■ TASK INSTRUCTIONS ■
Using the entries below, copy out all lines where "Christmas" is found.

■ GIVEN DATA ■
+ + + + +

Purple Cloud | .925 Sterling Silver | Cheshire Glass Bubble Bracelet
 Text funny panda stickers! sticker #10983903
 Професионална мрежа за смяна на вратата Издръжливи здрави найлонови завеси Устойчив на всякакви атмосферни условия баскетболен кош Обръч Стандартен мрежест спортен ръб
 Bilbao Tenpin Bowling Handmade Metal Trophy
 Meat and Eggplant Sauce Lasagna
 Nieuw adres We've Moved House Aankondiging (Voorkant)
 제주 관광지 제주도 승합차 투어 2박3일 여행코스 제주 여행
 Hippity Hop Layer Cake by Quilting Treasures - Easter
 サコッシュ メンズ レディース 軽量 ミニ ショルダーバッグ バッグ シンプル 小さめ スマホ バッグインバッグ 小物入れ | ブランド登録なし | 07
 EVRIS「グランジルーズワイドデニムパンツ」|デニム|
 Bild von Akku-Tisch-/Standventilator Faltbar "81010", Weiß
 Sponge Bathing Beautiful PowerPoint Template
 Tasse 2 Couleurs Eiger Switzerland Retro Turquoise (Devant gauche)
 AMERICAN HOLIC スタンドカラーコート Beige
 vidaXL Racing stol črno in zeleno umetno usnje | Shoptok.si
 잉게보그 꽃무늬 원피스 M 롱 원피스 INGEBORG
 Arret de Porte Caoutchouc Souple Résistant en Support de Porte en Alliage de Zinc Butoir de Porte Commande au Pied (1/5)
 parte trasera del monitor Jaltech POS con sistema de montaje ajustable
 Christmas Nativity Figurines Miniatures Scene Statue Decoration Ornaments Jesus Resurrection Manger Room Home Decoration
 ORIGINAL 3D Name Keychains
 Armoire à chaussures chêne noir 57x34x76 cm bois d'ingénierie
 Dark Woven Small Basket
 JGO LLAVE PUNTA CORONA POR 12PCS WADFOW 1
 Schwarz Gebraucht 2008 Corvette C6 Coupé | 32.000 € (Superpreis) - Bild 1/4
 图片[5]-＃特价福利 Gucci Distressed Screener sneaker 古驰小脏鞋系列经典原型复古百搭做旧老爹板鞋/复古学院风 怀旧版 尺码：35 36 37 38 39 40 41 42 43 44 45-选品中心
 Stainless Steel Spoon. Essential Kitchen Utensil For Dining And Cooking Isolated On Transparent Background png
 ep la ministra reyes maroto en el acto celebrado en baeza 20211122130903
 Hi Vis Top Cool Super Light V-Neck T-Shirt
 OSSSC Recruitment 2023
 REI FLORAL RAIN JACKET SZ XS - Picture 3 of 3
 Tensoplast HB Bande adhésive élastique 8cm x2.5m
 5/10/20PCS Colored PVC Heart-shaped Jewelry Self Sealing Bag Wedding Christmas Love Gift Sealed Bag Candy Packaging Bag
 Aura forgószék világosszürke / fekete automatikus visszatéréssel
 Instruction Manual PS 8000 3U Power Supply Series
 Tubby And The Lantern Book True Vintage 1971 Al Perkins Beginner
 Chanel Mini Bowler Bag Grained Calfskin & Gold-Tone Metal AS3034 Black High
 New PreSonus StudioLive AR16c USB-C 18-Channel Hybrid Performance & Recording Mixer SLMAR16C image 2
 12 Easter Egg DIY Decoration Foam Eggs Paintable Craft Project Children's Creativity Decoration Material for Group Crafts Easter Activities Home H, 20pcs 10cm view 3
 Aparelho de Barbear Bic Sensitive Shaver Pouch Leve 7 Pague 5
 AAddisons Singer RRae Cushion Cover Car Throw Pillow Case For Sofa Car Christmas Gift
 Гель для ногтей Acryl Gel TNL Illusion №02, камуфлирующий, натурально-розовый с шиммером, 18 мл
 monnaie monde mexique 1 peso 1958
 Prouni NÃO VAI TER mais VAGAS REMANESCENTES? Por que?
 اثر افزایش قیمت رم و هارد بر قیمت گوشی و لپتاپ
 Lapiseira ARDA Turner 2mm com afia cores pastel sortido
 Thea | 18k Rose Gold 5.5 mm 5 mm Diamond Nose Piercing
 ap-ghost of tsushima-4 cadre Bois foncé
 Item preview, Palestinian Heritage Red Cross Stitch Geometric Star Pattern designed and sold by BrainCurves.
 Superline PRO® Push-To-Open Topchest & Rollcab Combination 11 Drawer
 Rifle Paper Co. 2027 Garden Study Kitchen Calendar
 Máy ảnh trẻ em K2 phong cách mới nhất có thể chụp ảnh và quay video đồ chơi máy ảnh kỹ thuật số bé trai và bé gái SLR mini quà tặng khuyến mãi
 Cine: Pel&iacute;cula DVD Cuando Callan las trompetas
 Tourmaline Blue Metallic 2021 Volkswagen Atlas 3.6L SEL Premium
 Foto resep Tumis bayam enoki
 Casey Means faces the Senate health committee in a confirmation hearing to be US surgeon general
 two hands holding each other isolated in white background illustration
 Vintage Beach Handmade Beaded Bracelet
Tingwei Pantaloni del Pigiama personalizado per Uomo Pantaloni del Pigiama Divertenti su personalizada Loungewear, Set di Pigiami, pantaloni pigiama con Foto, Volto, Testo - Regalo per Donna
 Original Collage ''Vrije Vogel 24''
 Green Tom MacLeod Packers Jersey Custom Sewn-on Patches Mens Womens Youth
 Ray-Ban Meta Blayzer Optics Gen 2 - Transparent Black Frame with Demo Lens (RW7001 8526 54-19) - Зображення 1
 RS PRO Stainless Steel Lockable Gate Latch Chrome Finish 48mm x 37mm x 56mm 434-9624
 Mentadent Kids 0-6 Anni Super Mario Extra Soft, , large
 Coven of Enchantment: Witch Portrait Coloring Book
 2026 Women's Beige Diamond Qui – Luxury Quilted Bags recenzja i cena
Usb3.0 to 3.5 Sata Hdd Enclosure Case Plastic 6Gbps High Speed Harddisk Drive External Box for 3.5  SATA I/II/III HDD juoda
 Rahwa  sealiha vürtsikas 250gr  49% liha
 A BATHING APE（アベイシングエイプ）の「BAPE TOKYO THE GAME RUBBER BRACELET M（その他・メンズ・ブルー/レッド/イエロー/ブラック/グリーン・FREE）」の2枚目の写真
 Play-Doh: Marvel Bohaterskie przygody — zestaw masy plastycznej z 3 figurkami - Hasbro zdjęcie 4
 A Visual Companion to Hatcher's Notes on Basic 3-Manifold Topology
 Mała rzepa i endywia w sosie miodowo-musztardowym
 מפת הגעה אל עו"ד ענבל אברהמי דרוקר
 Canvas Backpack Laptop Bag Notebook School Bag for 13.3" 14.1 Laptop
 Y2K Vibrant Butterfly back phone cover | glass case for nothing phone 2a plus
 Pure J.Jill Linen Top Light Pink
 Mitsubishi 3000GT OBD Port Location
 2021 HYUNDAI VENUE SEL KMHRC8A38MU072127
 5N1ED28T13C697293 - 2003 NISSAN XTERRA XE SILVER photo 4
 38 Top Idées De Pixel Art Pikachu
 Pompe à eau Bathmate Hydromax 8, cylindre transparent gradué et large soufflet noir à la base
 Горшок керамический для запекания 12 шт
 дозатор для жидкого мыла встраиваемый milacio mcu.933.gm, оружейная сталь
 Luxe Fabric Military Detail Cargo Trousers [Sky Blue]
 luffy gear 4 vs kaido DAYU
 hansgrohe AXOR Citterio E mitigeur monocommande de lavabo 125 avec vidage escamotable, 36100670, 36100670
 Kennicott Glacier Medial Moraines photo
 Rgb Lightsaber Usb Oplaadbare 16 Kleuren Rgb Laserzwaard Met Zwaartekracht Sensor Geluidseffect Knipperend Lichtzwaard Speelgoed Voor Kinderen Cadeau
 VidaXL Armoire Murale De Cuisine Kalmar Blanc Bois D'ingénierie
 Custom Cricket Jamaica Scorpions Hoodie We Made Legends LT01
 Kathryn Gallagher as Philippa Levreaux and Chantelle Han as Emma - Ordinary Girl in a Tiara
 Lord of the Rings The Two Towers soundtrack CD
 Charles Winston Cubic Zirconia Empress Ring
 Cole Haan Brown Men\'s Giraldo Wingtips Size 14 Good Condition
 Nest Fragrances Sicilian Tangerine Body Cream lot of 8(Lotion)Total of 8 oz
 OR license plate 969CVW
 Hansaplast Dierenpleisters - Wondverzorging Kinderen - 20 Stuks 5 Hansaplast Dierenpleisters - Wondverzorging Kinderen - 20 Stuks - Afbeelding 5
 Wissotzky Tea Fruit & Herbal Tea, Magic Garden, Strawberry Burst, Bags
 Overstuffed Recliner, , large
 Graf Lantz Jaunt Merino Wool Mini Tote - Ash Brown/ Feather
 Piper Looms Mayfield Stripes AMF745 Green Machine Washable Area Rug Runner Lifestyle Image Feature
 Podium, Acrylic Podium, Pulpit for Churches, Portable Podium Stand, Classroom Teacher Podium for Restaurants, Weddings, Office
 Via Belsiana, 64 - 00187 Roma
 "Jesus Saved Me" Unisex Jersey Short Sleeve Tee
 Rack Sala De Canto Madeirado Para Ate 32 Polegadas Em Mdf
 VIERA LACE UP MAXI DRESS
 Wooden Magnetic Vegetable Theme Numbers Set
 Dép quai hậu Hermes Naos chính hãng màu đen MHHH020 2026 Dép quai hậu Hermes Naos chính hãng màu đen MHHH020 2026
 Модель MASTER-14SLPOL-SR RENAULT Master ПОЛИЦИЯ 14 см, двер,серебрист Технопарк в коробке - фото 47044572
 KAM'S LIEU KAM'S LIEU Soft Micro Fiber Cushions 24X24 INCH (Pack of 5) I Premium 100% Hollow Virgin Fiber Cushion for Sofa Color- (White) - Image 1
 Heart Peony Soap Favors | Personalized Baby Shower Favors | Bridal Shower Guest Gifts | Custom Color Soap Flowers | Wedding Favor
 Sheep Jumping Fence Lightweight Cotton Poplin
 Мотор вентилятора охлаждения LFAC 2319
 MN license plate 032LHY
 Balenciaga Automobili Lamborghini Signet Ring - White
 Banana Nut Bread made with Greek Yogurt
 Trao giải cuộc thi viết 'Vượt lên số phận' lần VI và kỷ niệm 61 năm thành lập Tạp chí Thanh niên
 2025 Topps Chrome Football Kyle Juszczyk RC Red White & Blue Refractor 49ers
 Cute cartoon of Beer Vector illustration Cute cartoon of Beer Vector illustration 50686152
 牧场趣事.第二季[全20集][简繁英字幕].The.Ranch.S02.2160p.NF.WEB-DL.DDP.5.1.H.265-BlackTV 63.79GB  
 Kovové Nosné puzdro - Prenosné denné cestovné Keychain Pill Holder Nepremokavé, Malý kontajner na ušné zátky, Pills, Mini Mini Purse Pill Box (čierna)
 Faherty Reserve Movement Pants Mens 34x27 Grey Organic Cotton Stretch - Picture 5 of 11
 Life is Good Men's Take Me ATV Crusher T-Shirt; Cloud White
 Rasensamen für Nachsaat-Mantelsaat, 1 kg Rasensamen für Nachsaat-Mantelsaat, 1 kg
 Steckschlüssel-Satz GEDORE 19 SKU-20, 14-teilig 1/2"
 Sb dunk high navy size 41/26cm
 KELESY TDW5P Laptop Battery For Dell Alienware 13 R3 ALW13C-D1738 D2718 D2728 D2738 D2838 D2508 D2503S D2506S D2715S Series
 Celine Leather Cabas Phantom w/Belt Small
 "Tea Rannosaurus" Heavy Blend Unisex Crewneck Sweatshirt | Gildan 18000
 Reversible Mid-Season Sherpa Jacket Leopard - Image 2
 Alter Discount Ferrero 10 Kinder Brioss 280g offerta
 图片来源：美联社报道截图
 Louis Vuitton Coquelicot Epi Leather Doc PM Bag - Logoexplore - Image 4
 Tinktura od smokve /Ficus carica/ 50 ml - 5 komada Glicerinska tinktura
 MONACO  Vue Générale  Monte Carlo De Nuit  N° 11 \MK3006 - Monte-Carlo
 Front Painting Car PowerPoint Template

+ + + + +

■ ANSWER BELOW ■
 Christmas Nativity Figurines Miniatures Scene Statue Decoration Ornaments Jesus Resurrection Manger Room Home Decoration
 5/10/20PCS Colored PVC Heart-shaped Jewelry Self Sealing Bag Wedding Christmas Love Gift Sealed Bag Candy Packaging Bag
 AAddisons Singer RRae Cushion Cover Car Throw Pillow Case For Sofa Car Christmas Gift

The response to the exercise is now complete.